Following recent “anti-crypto” comments from prominent Democrats, the Biden administration has signaled that it intends to take a harsher regulatory stance on the nascent cryptocurrency industry.
In 2021, multiple Federal agencies commented on what they viewed as the growing threat that cryptocurrencies represented to the stability of the greater financial system.
In November of last year, Secretary of the Treasury Janet Yellen mentioned her concerns about stablecoins in a department press release.
“Stablecoins that are well-designed and subject to appropriate oversight have the potential to support beneficial payments options. But the absence of appropriate oversight presents risks to users and the broader system,” said Secretary Yellen. “Current oversight is inconsistent and fragmented, with some stablecoins effectively falling outside the regulatory perimeter. Treasury and the agencies involved in this report look forward to working with Members of Congress from both parties on this issue. While Congress considers action, regulators will continue to operate within their mandates to address the risks of these assets.”
Obviously believing that anti-crypto rhetoric could be a political asset within her left wing constituency, Sen. Elizabeth Warren was less measured as she piled on with a tweet: “Stablecoins pose risks to consumers & to our economy. They’re propping up one of the shadiest parts of the crypto world, DeFi, where consumers are least protected from getting scammed.
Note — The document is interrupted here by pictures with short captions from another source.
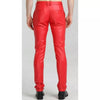 Men's Red Genuine Leather Pants Trouser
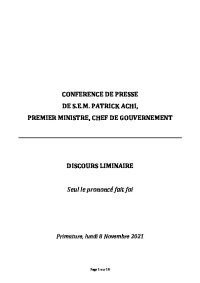 Discours Premier Ministre : Conférence de presse Monsieur le Premier Ministre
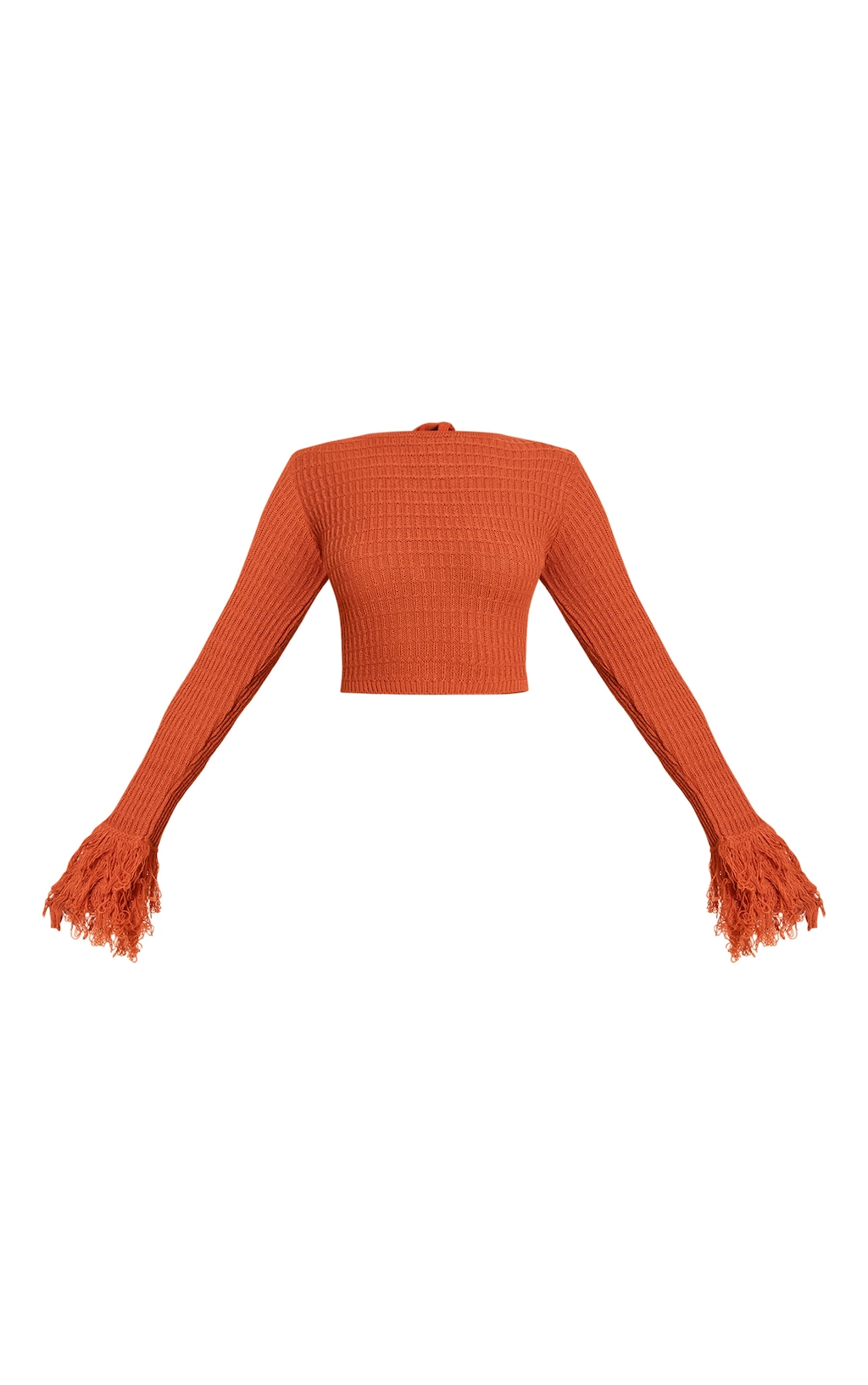 Rust Tassel Cuff Cropped Top | Knitwear | PrettyLittleThing USA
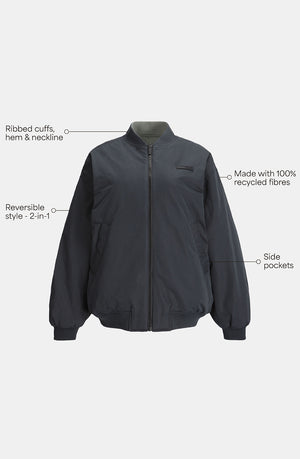 REVERSIBLE OVERSIZED BOMBER JACKET - BLACK AND COOL OLIVE
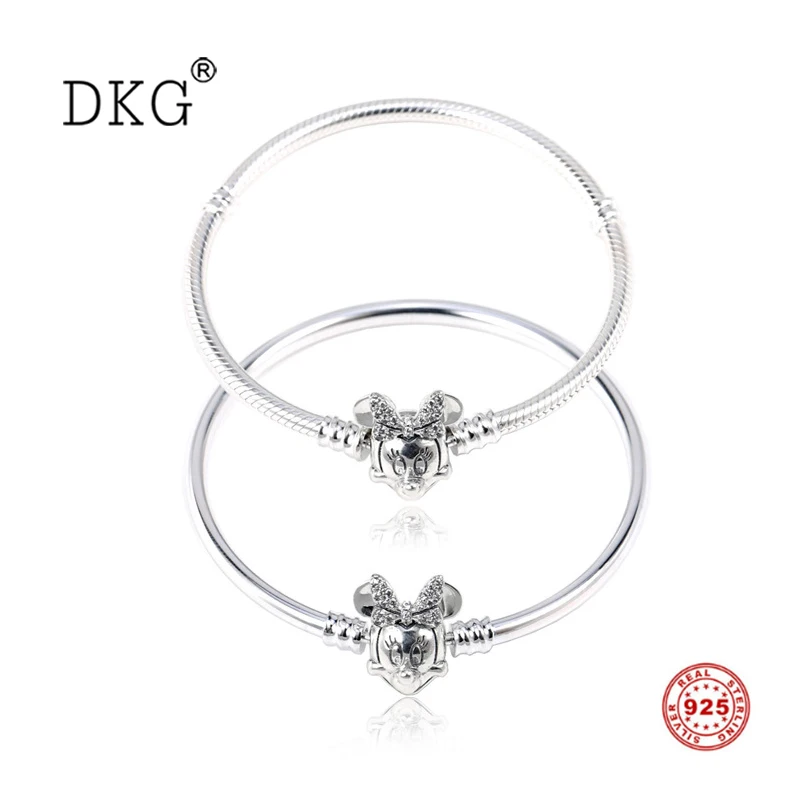 

Real 925 Sterling Silver Cartoon Fairy Animal Cute Mouse Buckle with Crystal Bracelet Fit Bracelet Charm DIY Jewelry for Women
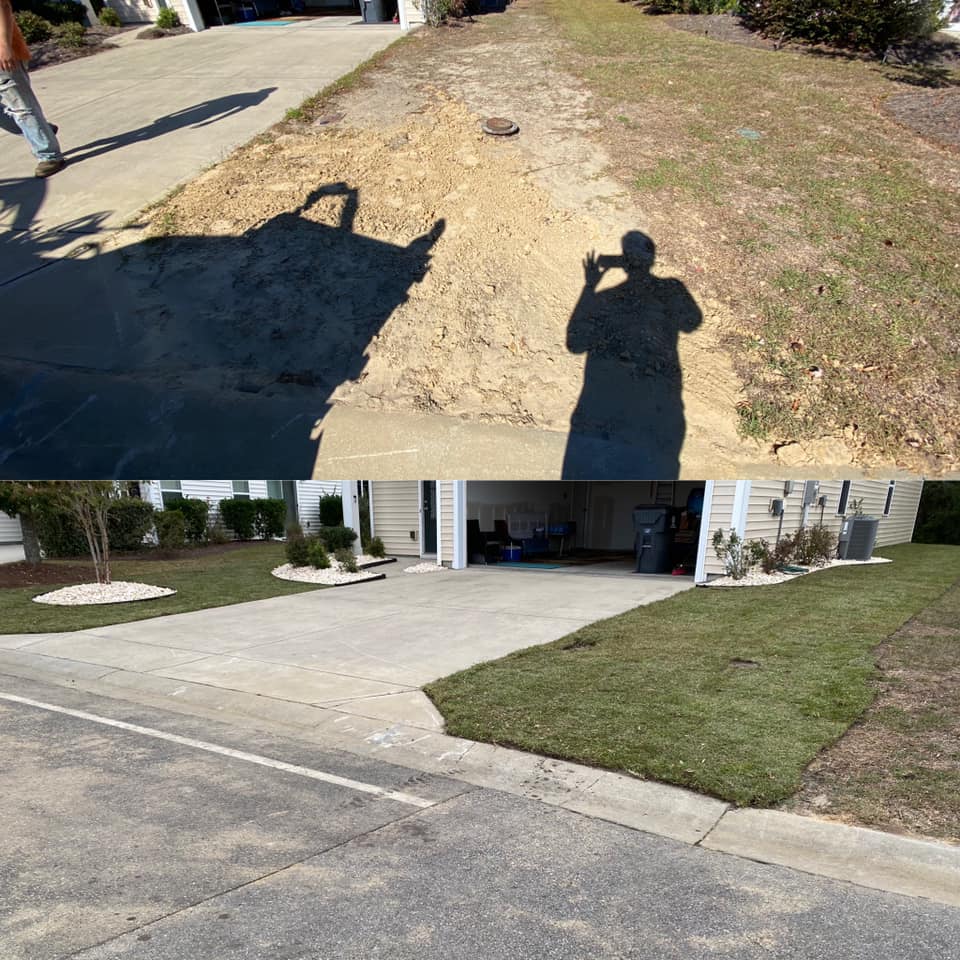 Brought in 5 dump truck loads of fill and installed centipede sod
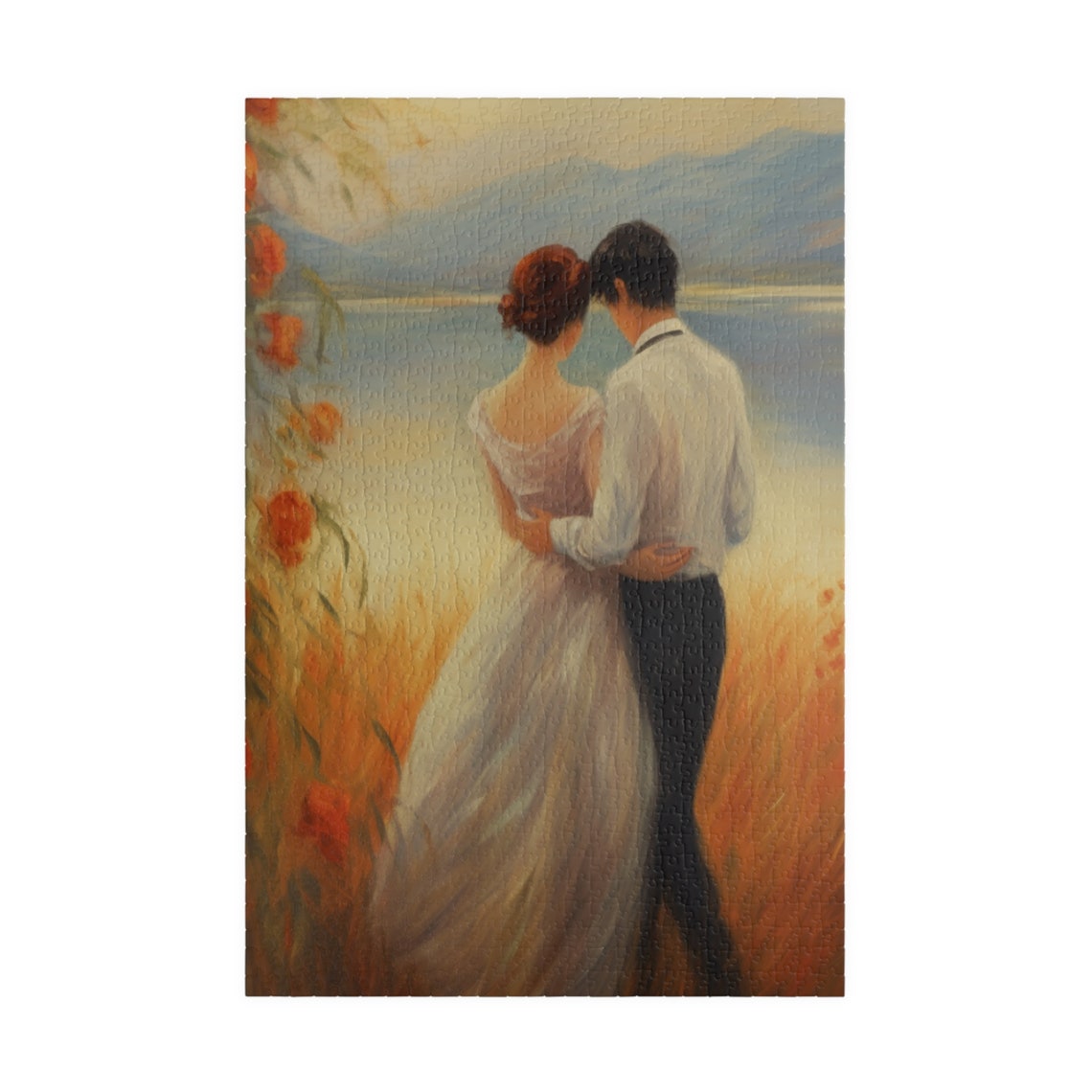 Romantic Couple Embracing By A Golden Sunset Lake Art Poster - Image 3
Our regulators need to get serious about clamping down before it is too late.”
Statements such as these have created pressure on the Biden administration to take action, even as it’s clear that many politicians lack even a rudimentary understanding of the crypto markets. Blockworks and Bloomberg have recently reported that the administration is preparing to issue a crypto-related executive order in the coming months, possible as soon as February.
“Biden might use the power of the pen to appoint an individual crypto or digital assets Czar, having oversight power over a group of multiple partner agencies like the Commodity Futures Trading Commission, Financial Crimes Enforcement Network, the Office of the Comptroller of the Currency and the Securities and Exchange Commission,” said Michael Fasanello, director of training and regulatory affairs at Blockchain Intelligence Group. “All of the aforementioned agencies have some degree of interest in regulating the digital assets space.”
So will new regulatory action throw a bucket of cold water on a red-hot nascent industry? Or will it help to legitimize cryptocurrency markets in the minds of consumers and policymakers?
“I tend to think a bit of regulation will be a good thing for crypto, at least in its perception,” said Scott Hawksworth, the co-founder of Cryptogic. “But we’ll have to wait and see if they do it intelligently. Federal agencies don’t always have the best track record.”
In the meantime, crypto industry execs and founders wait for answers; 2022 is likely to bring more clarity, if not good news, to the future regulatory landscape.